Experimenting using a deeper network with more units in the hidden layer

After building three different neural network models with 203, 239, and 753 parameters respectively, we will now build a deeper neural network model containing a larger number of units in the hidden layers. The code used for this experiment is as follows:

# Model architecture
model <- keras_model_sequential()
model %>%
         layer_dense(units = 40, activation = 'relu', input_shape = c(21)) %>%
         layer_dropout(rate = 0.4) %>%
         layer_dense(units = 30, activation = 'relu') %>%
         layer_dropout(rate = 0.3) %>%
         layer_dense(units = 20, activation = 'relu') %>%
         layer_dropout(rate = 0.2) %>%
         layer_dense(units = 3, activation = 'softmax')
summary(model)

OUTPUT
__________________________________________________________________________
Layer (type)                  Output Shape                 Param #     
==========================================================================
dense_1 (Dense)                (None, 40)                   880          
__________________________________________________________________________
dropout_1 (Dropout)            (None, 40)                    0            
__________________________________________________________________________
dense_2 (Dense)                (None, 30)                   1230         
__________________________________________________________________________
dropout_2 (Dropout)            (None, 30)                    0            
__________________________________________________________________________
dense_3 (Dense)                (None, 20)                   620          
__________________________________________________________________________
dropout_3 (Dropout)            (None, 20)                    0            
__________________________________________________________________________
dense_4 (Dense)                (None, 3)                     63           
==========================================================================
Total params: 2,793
Trainable params: 2,793
Non-trainable params: 0
___________________________________________________________________________

# Compile model
 model %>% 
   compile(loss = 'categorical_crossentropy', 
           optimizer = 'adam',
           metrics = 'accuracy')

# Fit model
model_four <- model %>% 
 fit(training, 
 trainLabels, 
 epochs = 200,
 batch_size = 32, 
 validation_split = 0.2)
plot(model_four)

You can see from the preceding code and output that to try and improve the classification performance, this model has a total of 2,793 parameters. This model has three hidden layers with 40, 30, and 20 units in the three hidden layers. After each hidden layer, we have also added a dropout layer with dropout rates of 40%, 30%, and 20% to avoid overfitting—for example, with a dropout rate of 0.4 (or 40%) after the first hidden layer, 40% of the units in the first hidden layer are dropped to zero at random at the time of training. This helps to avoid any overfitting that may occur because of the higher number of units in the hidden layers. We compile the model and then run the model with same settings that we used earlier. We also store the loss and accuracy values after each epoch in model_four.

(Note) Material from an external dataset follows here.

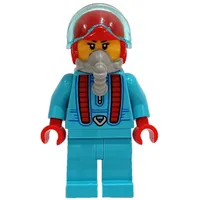 Stunt Rider, Medium Azure Jumpsuit, Red Helmet
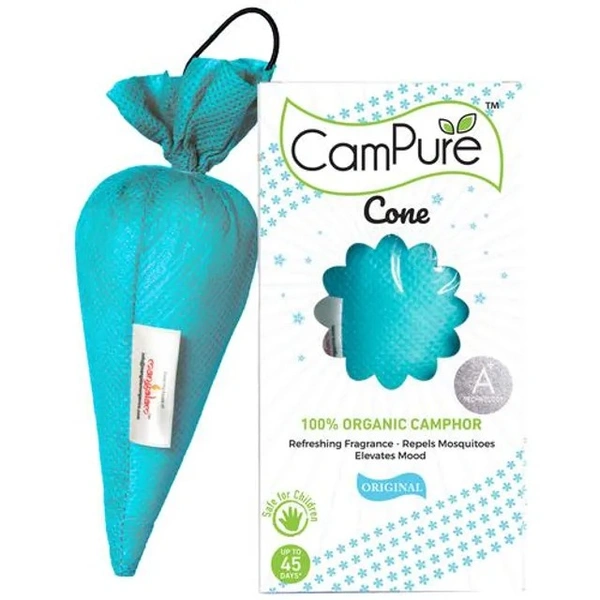 Campure Air Freshener Cone - Original, Refreshing Camphor Fragrance, Repels Mosquitoes, Elevates Mood, 60 g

A plot for accuracy and loss values for training and validation data is shown in the following graph:

Accuracy and loss for training and validation data

From the preceding plot, we can make the following observations:

Training loss and accuracy values stay approximately constant after about 150 epochs.
Accuracy values for validation data are mainly flat after about 75 epochs.
However, for loss, we see some divergence between training and validation data after about 75 epochs, with loss from validation data increasing gradually. This suggests the presence of overfitting after about 75 epochs.

Let's now make predictions using test data and review the resulting confusion matrix to assess model performance, as shown in the following code:

# Predictions and confusion matrix
pred <- model %>% 
         predict_classes(test)
table(Predicted=pred, Actual=testtarget)

OUTPUT
         Actual
Predicted   0   1   2
        0 431  34   7
        1  20  53   2
        2   9   7  40

From the preceding confusion matrix, the following observations can be made:

The correct classifications for the 0, 1, and 2 categories are 431, 53, and 40 respectively.
The overall accuracy comes to 86.9%, which is better than the first three models.
We can also find that this classification model correctly classifies normal, suspect, and pathological cases with percentages of about 93.7%, 56.4%, and 81.6% respectively.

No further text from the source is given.